ASSIGNED TASK – Beneath this line are entries. Copy the range from the line with "Bees Do So Much For The Environment T-shirt" to the line with "Richard P. Feynman - Radost z poznání", ends included, exactly; leave pictures out.

INFORMATION SUPPLIED –
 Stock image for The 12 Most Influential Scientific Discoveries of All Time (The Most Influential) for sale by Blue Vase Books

---

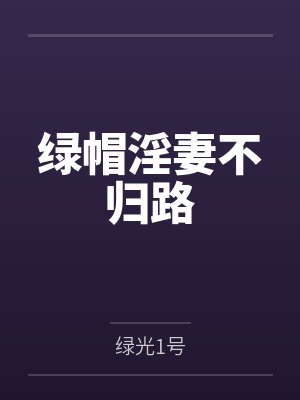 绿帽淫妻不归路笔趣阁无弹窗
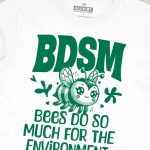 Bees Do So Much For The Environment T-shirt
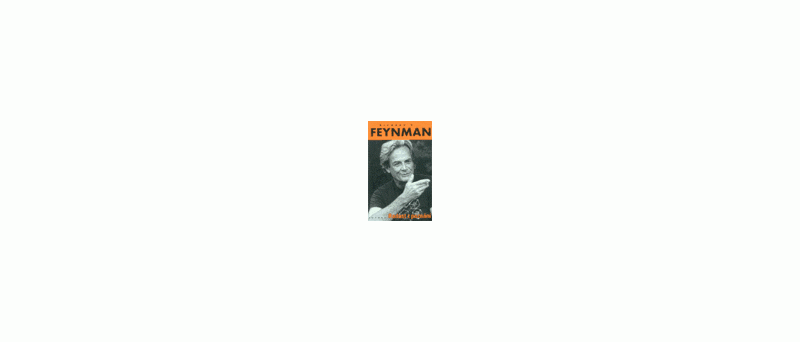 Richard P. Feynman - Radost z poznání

--

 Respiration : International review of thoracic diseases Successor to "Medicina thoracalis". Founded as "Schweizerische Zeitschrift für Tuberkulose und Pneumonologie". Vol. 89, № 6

ANSWER TO THE EXERCISE –
 Bees Do So Much For The Environment T-shirt
 Richard P. Feynman - Radost z poznání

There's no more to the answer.